October 13, 1999. All rights reserved.

From Ireland, a Clarion Call for American Music

Listening to Maura O’Connell sing is like hearing

a church bell on a cold, clear morning. Think of Patsy Cline and k.d.

laing in country music, and Ella Fitzgerald in the jazz idiom, and

you will have some idea of the purity and beauty of the instrument

with which she has been delighting audiences since she first came

to the public’s attention almost 20 years ago as the lead vocalist

of the traditional Irish band De Danann.

Maura O’Connell, backed by a four-piece band, joins Gael forces with

Irish fiddler supreme Eileen Ivers and her six-piece group and two

Irish step dancers on Friday, October 15, for an evening they call

"Celtic Heart," at the State Theater in New Brunswick.

O’Connell will feature songs from her latest album, "Wandering

Home," a 1997 return to the songs and evocations that marked her

childhood in Ireland’s County Clare. But don’t make the mistake of

classifying her as an Irish singer. Maura O’Connell makes her home

in Nashville, and has been known to record everything from Mary Chapin

Carpenter to Tom Waits to the Beatles. She has spent years defying

categorization, and in her pleasant but direct way, she will make

you understand the importance of that great notion.
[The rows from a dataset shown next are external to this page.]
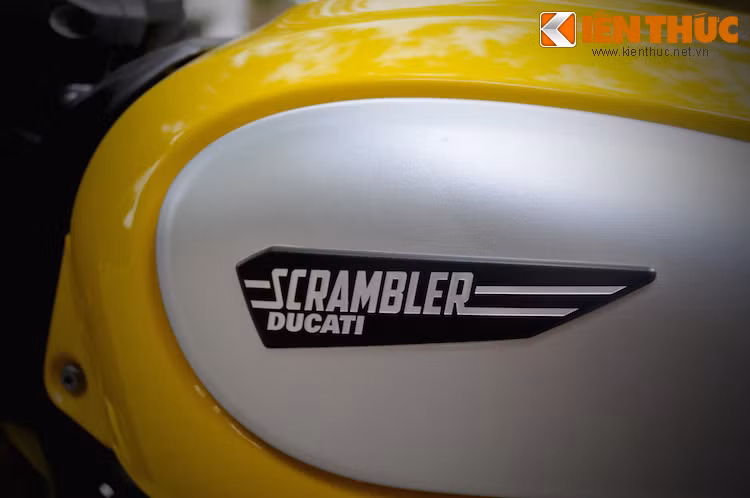 Ốp bình xăng với logo Scrambler lấy cảm hứng từ thế hệ đầu tiên. Khách hàng có thể tháo rời dễ dàng ốp bình xăng để thay thế nó tuỳ theo sở thích.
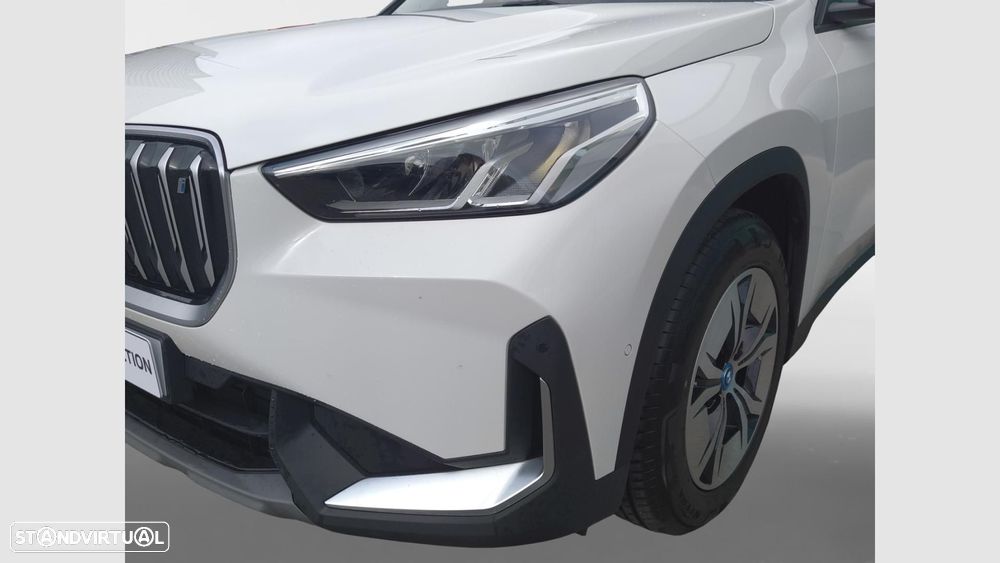 BMW iX1 xDrive30 - 16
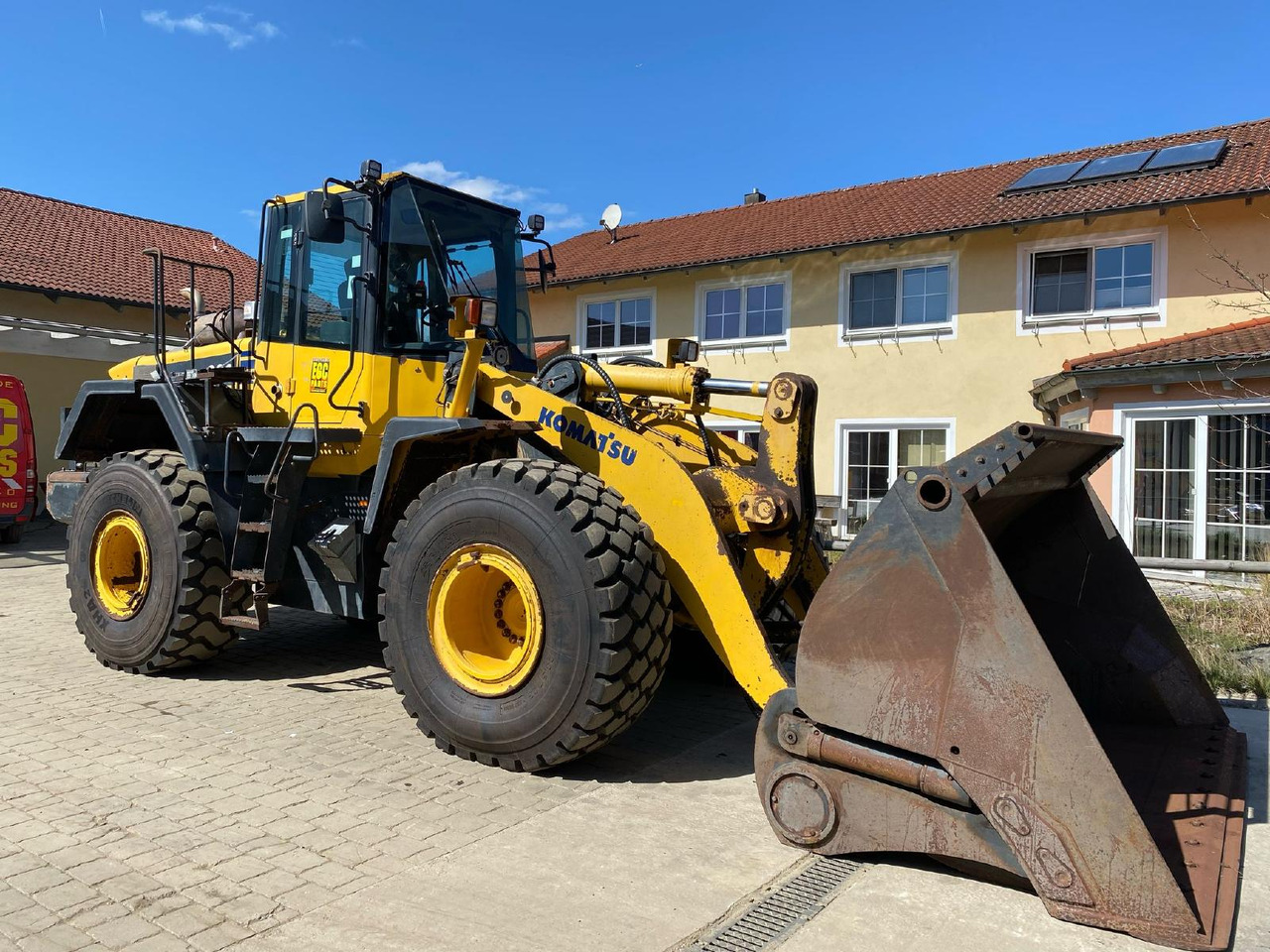 Komatsu WA 380 - Wheel loader: picture 1 Komatsu WA 380 - Wheel loader: picture 1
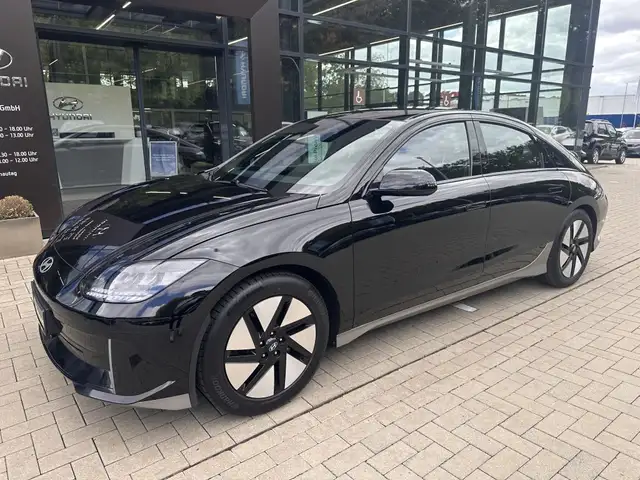 Hyundai IONIQ 6 77,4 kWh Dynamiq +AHK+SOH 100%+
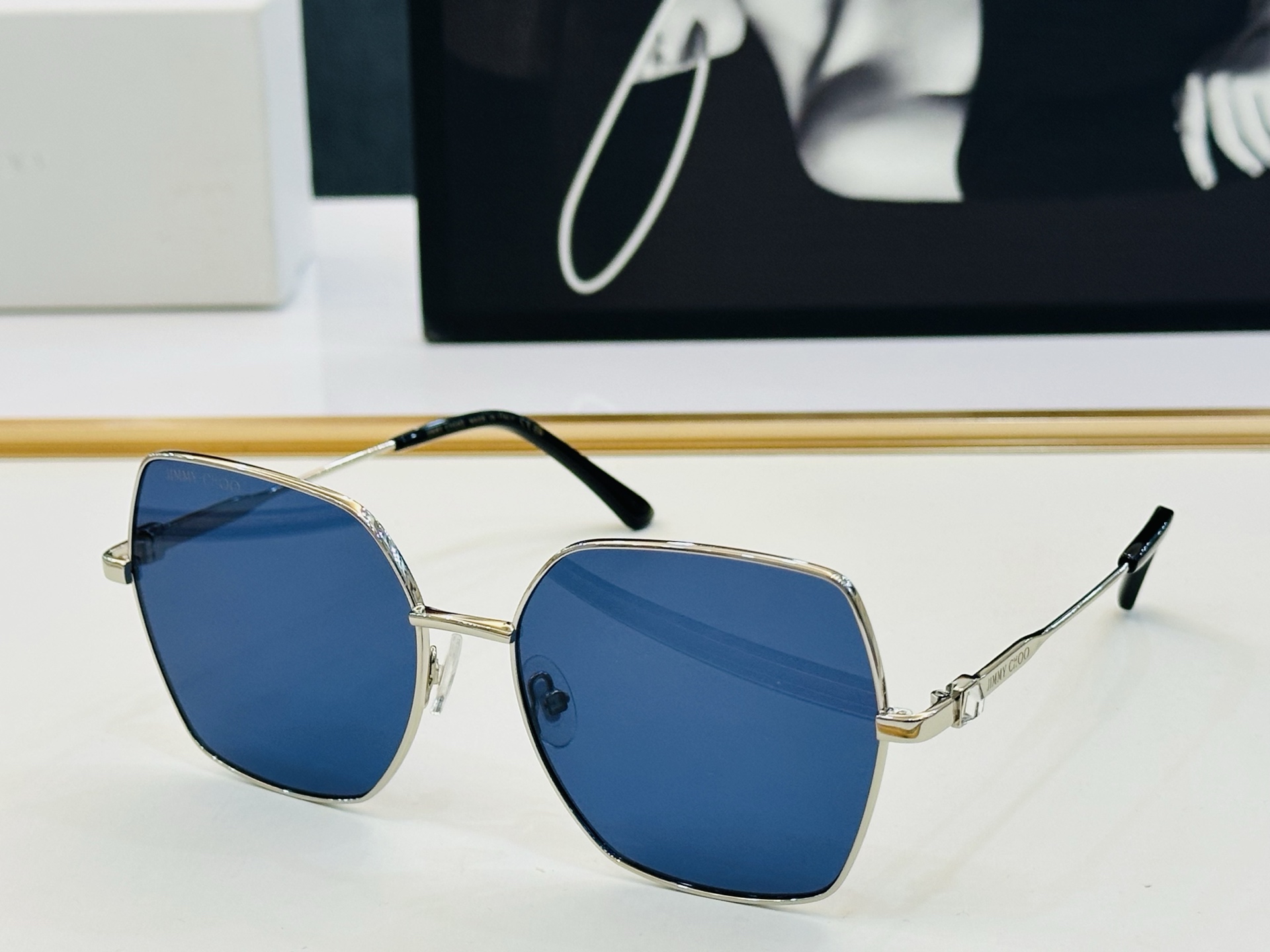 JIMMY CHO* 吉米家 JCREYES/S Size：59口17-145 新款 坚持一如既往最高品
"You know, when you start out singing with an Irish traditional

band, it’s common for people to get very comfortable with you in one

genre," Maura points out. "And if your natural bent isn’t

to stay in there, you have to distance yourself a little bit, and

see if you can be taken on your own terms, even if that means losing

a bit of your audience. Now my older songs are more familiar to Irish

music audiences, but overall I don’t think a large portion of my audience

would be considered Irish. It appears to be a broad section of people,

which is nice."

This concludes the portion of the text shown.